*ACTION ITEM*
Lines below that hold the word "Front" must be copied in full.

(Short descriptive text snippets)
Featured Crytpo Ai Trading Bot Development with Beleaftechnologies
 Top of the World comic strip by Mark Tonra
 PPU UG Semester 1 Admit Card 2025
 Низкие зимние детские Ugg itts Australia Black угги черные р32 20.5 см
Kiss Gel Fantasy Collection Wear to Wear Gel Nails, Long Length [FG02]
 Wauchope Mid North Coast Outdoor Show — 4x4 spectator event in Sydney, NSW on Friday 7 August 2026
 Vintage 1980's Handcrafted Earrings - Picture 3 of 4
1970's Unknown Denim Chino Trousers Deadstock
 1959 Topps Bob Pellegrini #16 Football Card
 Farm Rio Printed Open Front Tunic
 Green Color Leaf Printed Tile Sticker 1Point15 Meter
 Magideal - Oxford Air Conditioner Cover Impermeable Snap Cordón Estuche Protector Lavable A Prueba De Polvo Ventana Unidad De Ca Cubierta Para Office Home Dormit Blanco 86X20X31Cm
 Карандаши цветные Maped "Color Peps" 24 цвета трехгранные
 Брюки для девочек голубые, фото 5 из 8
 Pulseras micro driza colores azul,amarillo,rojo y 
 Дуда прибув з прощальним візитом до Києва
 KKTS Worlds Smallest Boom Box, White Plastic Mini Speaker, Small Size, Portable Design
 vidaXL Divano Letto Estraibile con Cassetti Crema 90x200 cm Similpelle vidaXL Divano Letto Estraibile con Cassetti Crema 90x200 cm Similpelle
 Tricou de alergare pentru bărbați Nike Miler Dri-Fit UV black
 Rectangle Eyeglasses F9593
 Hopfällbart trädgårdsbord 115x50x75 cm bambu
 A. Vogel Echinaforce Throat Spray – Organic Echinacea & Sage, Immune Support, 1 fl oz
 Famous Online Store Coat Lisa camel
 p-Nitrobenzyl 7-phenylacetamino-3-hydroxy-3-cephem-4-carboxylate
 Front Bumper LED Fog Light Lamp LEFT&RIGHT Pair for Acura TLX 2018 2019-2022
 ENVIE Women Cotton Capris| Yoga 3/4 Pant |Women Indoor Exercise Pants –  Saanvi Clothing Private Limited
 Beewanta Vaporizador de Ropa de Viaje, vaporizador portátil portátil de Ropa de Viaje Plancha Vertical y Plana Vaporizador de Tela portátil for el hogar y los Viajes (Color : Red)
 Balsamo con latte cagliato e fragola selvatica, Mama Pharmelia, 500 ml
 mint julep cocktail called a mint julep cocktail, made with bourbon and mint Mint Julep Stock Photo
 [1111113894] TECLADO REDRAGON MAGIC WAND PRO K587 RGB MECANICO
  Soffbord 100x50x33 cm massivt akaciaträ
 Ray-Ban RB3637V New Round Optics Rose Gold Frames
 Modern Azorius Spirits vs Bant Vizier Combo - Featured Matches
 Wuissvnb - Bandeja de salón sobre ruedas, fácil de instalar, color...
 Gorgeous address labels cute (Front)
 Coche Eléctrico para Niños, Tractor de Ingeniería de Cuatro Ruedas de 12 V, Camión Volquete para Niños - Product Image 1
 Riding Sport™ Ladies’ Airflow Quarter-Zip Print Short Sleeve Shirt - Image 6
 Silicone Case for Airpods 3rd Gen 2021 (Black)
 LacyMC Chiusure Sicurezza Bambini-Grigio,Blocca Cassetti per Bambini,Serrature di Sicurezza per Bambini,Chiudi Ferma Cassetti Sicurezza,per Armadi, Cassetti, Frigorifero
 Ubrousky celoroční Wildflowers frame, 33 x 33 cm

*SOLUTION TO THIS EXERCISE*
 Farm Rio Printed Open Front Tunic
 Front Bumper LED Fog Light Lamp LEFT&RIGHT Pair for Acura TLX 2018 2019-2022
 Gorgeous address labels cute (Front)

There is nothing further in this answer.